Ainsi, ce qui semble aujourd’hui une audace folle n’est qu’une métamorphose progressive de ce qui semblera évident dans les prochaines années. Le notariat a donc bien fait de montrer qu’il était capable de s’adapter et d’exercer sa mission dans un environnement immatériel, de construire sa singularité dans l’univers juridique, d’améliorer sans cesse son offre de service public afin d’assurer la sécurité juridique partout et dans le long terme.

 

III. De la confiance mutuelle il faut, un nouvel avenir nous aurons 

Nous ne pouvons que constater cette belle évolution. Depuis les scribes de l’Égypte antique, en passant par les tabellions de Rome, ce défi constant de changement nous enseigne que l’esprit d’initiative et l’harmonie sociale nécessitent de la confiance mutuelle et des certitudes. Cessons alors d’associer le notaire aux plumes d’oie et aux archives poussiéreuses mais félicitons-les plutôt de leurs avancées. L’heure est à la transformation, qui dépasse le simple ajustement juridique pour réinventer un nouveau modèle de détermination et de conduite de ces politiques publiques désormais portées par l’innovation et les technologies.

Toutes les décisions qui ponctuent la vie des humains et qui engagent leur avenir, qui leur garantissent des relations apaisées, nécessitent des points d’appui incontestables sur lesquels ils peuvent fonder sereinement leurs décisions. L’un de ces points d’appui est l’authenticité dans son acception juridique : autorité et vérité. Celle qui dit vrai. Celle en qui on peut avoir confiance. L’authenticité est la « main publique » visible et souveraine qui doit veiller sur la « main invisible » du marché. C’est pourquoi le notariat ne doit pas manquer d’audace pour anticiper le futur et se mettre en situation d’y apporter la part de confiance sans laquelle les sociétés humaines ne trouvent pas de paix.

Ainsi, au crépuscule d’une vie entièrement et affectueusement consacrée à la fonction du notaire du type latin et plus généralement à l’action publique, comme élu, je vous conjure de ne pas avoir peur du progrès scientifique et technique.
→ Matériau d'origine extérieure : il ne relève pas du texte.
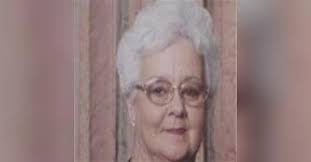 Myra Conner Phillips Obituary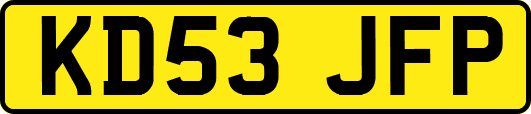 KD53JFP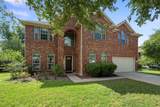 707 House Wren Loop - Photo 39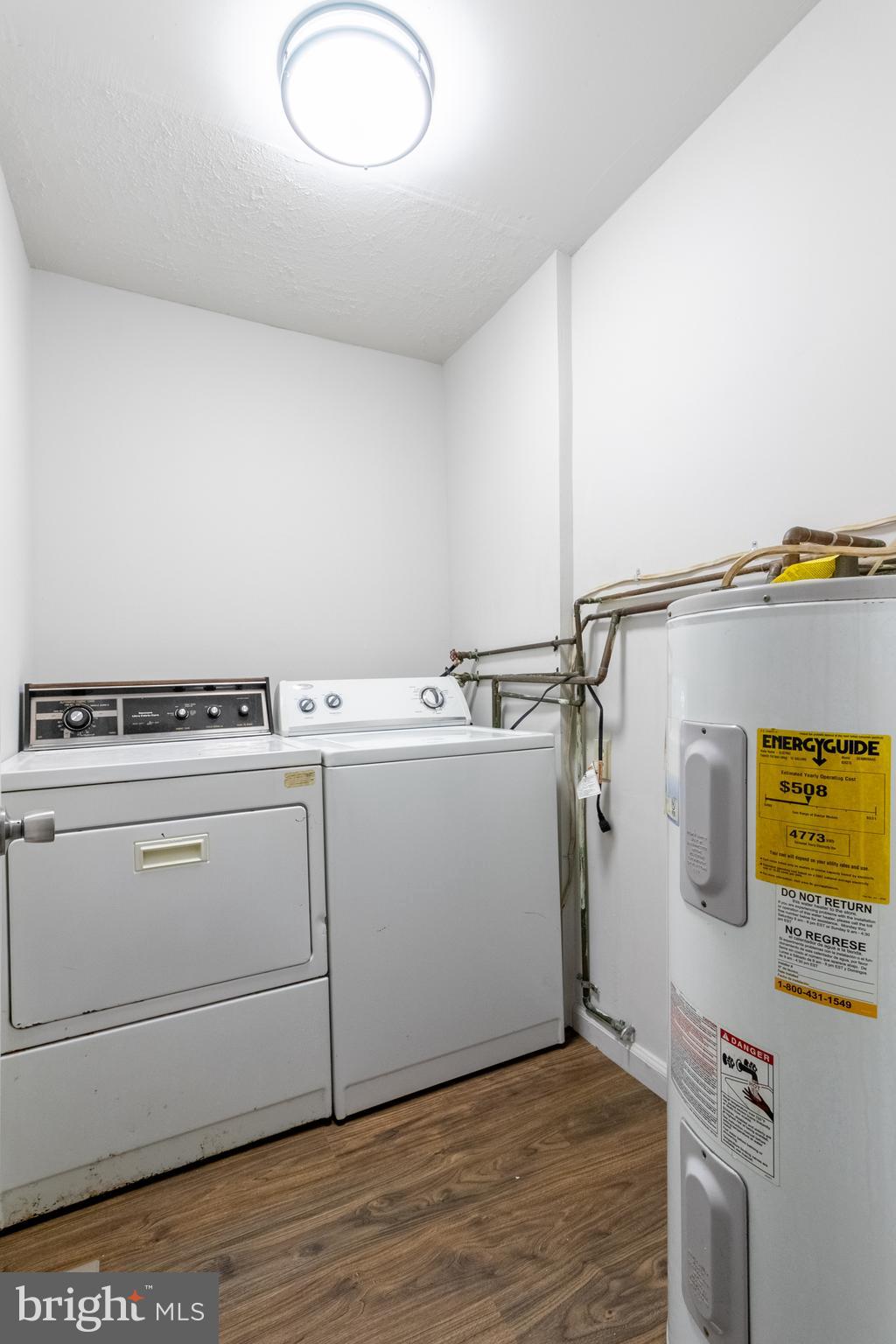 GLENDALE - Residential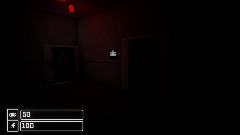 A screenshot taken in Dreams. 28 of 29.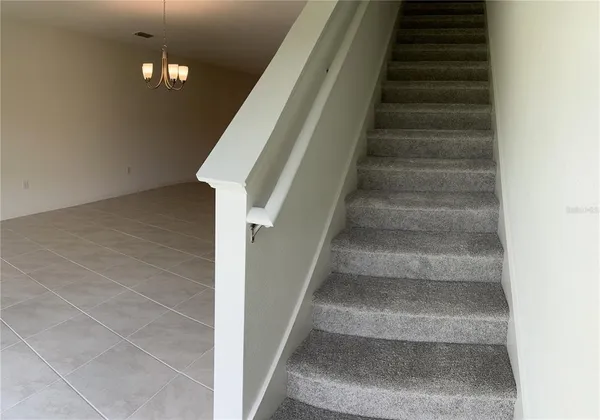 $1,950 | 1595 Mirabella Circle, Davenport, FL 33897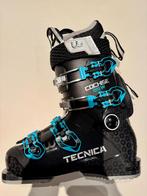 Skischoen Tecnica Cochise woman - maat 24,5 (38), Overige merken, 160 tot 180 cm, Gebruikt, Schoenen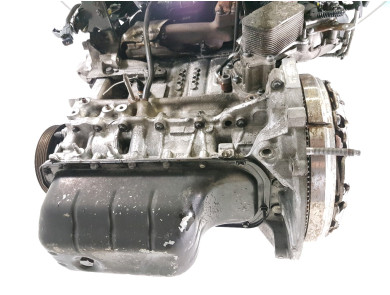 Moteur type 9H05 - Citroen C4 PICASSO I - T1-6055K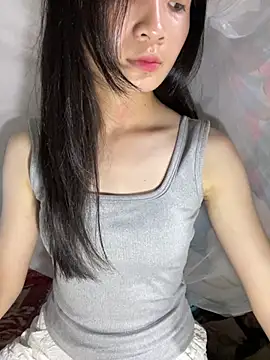 Anime babyy online show from 07-31-26, 10:47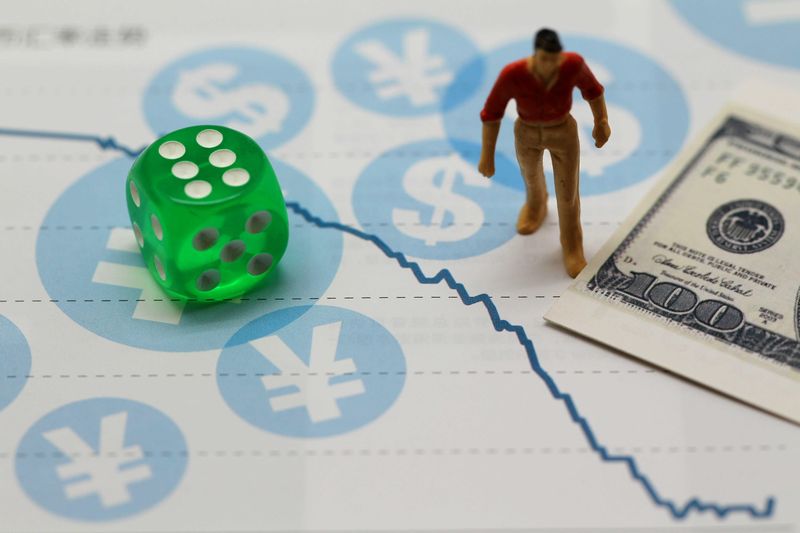  【防御型博弈心理】：上海宅地土拍中的理性补仓策略 股票财经 【防御型博弈心理】：上海宅地土拍中的理性补仓策略 股票财经 【防御型博弈心理】：上海宅地土拍中的理性补仓策略 股票财经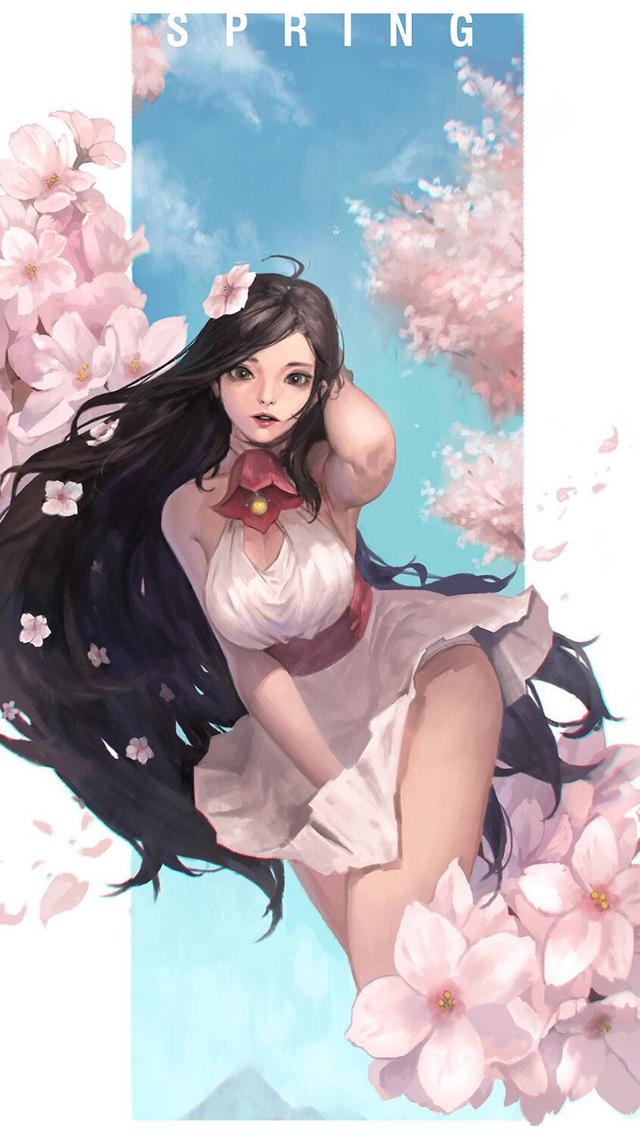 英文缩写举例子用什么符号，如何用英文缩写来装X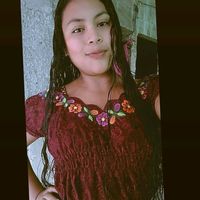 garcia.g.martnez
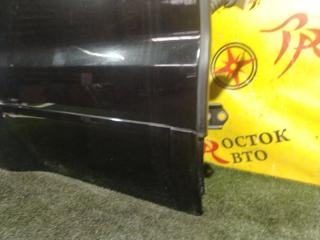 Дверь задняя правая ESCAPE 2008 LFAL3F L3-VE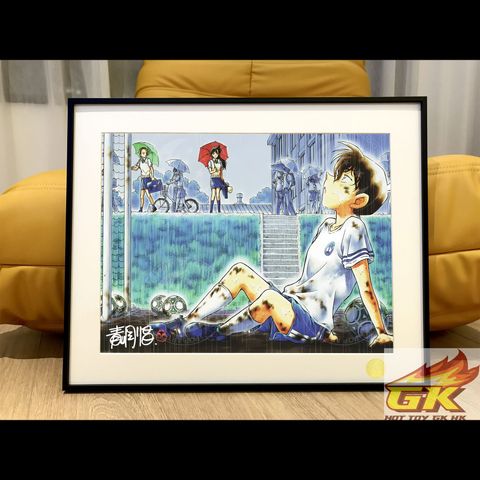 圖片_20250718131448_結果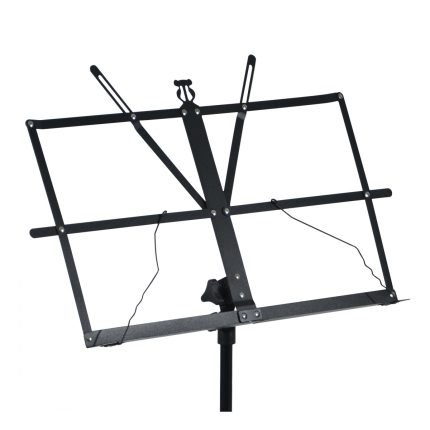 Atril Ligero Plegable MS510 - Image 2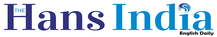 Hans India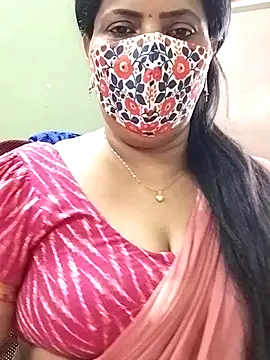Snapshot of abinaya26 chatting on 12, 4, 2026 abinaya26 online show from 12, 4, 2026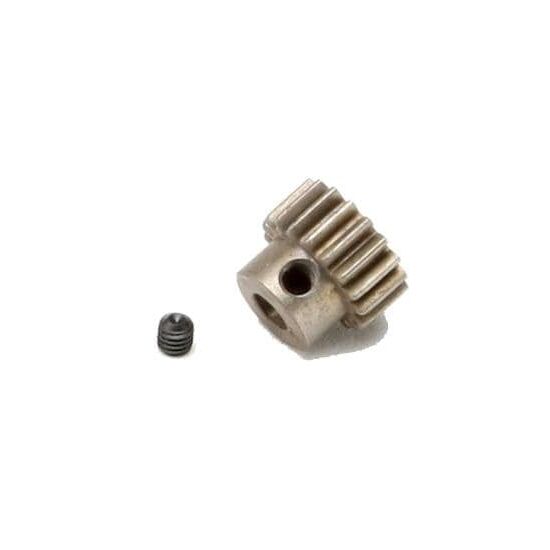 Absima Motorritzel Messing 18Z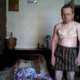 Artemka, 44
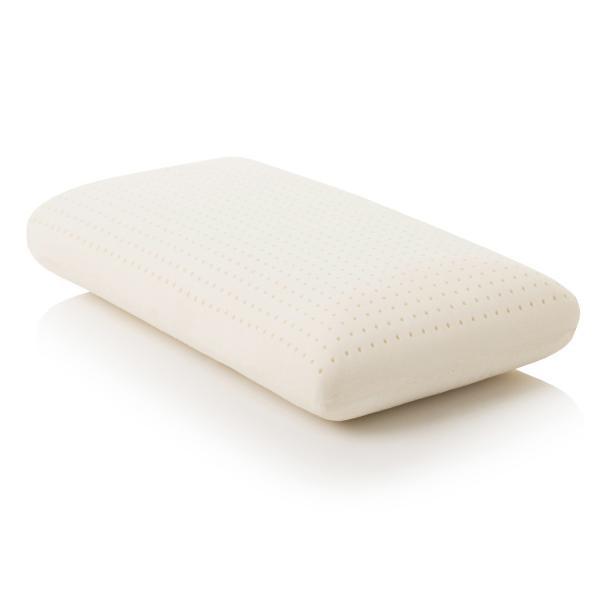 Z PILLOW DUO-FOAM®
C’est par les travaux du Notariat du monde, qu’une lumière j’aillera pour éclairer un futur qu’il est temps de réenchanter !

 

 

 

[1] L’Institut des Recherches et d’Études Notariales Européen (IRENE) a mis en place un colloque consacré à l’analyse de l’utilisation par les notariats européens de l’acte authentique électronique et de la signature à distance des actes authentiques.
Programme consultable en ligne : http://www.fondation-irene.lu/article.php?rec_id=36171659995932.

[2] LOI no 2000-230 du 13 mars 2000 portant adaptation du droit de la preuve aux technologies de l’information et relative à la signature électronique. 

[3] MORAUX Anne, Transition numérique : les notaires à la pointe, Affiches Parisiennes, 2019.